Beginning with the line containing "Painting of a" and ending with the last line of the entries below, copy each line exactly and nothing else.

### MATERIAL TO PROCESS ###

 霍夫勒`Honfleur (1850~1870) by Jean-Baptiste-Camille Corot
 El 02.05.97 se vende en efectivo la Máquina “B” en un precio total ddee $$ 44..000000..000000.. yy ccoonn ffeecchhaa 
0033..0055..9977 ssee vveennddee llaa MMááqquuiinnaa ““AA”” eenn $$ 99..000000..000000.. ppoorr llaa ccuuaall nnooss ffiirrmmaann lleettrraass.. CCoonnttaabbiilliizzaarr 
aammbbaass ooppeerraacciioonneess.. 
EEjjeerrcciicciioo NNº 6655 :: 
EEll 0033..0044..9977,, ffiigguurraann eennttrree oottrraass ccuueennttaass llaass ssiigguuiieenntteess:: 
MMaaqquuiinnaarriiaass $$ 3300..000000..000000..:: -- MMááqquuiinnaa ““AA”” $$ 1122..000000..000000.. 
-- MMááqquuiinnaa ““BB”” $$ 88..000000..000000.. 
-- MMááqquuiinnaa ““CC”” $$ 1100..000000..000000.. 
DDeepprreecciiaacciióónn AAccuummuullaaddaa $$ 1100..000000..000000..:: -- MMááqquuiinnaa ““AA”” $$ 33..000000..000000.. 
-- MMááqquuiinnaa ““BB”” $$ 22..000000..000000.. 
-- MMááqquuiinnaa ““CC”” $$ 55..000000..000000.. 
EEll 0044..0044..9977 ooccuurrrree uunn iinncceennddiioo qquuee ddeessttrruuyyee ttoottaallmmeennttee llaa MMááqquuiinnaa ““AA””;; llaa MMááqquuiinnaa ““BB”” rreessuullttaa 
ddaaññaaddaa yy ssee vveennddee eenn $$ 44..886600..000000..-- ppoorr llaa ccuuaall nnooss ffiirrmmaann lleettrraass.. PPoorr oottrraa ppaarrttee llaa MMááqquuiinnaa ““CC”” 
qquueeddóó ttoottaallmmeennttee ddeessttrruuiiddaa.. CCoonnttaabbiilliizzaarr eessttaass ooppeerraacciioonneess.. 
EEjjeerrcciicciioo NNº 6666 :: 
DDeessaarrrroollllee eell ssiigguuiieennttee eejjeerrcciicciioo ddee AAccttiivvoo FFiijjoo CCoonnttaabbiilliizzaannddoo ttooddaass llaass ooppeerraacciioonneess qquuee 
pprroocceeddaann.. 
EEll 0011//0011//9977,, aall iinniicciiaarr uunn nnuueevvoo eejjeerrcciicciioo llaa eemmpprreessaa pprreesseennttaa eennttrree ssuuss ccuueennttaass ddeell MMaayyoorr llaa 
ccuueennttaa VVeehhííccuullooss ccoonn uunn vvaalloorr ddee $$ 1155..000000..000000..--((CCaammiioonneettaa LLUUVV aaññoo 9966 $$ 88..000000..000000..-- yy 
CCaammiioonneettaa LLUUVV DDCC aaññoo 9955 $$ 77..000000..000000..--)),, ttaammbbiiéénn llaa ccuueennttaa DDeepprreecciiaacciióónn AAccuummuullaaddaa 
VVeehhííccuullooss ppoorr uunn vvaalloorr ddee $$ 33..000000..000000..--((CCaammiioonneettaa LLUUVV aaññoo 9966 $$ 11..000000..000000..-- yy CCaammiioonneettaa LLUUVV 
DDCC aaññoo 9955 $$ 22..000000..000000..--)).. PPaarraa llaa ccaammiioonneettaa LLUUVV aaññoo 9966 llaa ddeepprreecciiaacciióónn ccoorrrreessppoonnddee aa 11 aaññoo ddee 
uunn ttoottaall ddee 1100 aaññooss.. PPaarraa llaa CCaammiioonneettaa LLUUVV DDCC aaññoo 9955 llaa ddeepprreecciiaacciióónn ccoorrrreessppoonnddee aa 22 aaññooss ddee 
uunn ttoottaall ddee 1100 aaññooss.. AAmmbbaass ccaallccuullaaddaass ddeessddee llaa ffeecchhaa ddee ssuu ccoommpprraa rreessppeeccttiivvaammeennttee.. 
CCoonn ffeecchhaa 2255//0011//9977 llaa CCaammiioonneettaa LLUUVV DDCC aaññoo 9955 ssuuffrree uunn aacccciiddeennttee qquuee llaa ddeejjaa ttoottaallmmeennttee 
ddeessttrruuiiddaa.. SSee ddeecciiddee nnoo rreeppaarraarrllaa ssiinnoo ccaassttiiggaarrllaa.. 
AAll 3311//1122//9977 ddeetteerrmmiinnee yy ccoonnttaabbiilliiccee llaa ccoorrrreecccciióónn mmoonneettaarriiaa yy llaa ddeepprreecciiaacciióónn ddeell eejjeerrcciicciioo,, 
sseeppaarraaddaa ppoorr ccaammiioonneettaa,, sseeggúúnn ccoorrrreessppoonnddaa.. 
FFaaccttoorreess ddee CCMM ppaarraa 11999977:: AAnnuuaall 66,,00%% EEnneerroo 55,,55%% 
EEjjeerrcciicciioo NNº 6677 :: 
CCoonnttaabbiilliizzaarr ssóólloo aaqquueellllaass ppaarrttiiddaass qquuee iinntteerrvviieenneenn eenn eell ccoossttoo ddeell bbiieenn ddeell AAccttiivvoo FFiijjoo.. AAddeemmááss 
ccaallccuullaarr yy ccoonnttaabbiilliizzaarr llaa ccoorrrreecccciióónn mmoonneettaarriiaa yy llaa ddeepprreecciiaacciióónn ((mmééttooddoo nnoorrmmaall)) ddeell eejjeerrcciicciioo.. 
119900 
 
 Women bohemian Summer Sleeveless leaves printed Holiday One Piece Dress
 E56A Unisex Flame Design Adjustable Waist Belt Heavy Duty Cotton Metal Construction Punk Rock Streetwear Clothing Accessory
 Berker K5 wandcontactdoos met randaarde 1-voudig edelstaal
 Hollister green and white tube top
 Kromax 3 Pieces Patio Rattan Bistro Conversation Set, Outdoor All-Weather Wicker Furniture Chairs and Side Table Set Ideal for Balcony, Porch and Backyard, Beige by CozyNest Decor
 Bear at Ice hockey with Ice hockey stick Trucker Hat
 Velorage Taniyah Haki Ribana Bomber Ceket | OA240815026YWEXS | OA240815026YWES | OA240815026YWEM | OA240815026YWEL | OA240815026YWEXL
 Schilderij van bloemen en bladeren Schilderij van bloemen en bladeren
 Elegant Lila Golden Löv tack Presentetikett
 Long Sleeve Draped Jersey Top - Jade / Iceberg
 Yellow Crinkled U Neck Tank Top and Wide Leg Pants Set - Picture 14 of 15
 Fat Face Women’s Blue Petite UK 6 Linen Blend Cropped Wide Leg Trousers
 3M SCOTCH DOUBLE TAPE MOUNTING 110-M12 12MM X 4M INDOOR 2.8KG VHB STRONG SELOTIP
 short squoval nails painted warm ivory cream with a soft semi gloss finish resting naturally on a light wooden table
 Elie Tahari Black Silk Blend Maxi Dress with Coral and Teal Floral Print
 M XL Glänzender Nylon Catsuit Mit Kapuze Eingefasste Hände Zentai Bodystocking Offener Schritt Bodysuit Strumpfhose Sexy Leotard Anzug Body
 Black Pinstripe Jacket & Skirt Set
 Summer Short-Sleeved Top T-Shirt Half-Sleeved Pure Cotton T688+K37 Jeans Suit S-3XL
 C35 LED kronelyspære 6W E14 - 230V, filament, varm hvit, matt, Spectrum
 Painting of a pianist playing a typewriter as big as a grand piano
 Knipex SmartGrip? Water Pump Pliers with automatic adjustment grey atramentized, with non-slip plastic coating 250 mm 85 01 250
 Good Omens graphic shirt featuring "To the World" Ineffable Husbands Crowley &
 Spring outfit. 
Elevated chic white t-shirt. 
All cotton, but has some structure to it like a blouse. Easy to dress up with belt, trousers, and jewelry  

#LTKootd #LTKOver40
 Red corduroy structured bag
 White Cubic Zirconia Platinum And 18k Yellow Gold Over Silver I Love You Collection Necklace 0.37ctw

###

#### EXERCISE RESPONSE:
 Painting of a pianist playing a typewriter as big as a grand piano
 Knipex SmartGrip? Water Pump Pliers with automatic adjustment grey atramentized, with non-slip plastic coating 250 mm 85 01 250
 Good Omens graphic shirt featuring "To the World" Ineffable Husbands Crowley &
 Spring outfit. 
Elevated chic white t-shirt. 
All cotton, but has some structure to it like a blouse. Easy to dress up with belt, trousers, and jewelry  

#LTKootd #LTKOver40
 Red corduroy structured bag
 White Cubic Zirconia Platinum And 18k Yellow Gold Over Silver I Love You Collection Necklace 0.37ctw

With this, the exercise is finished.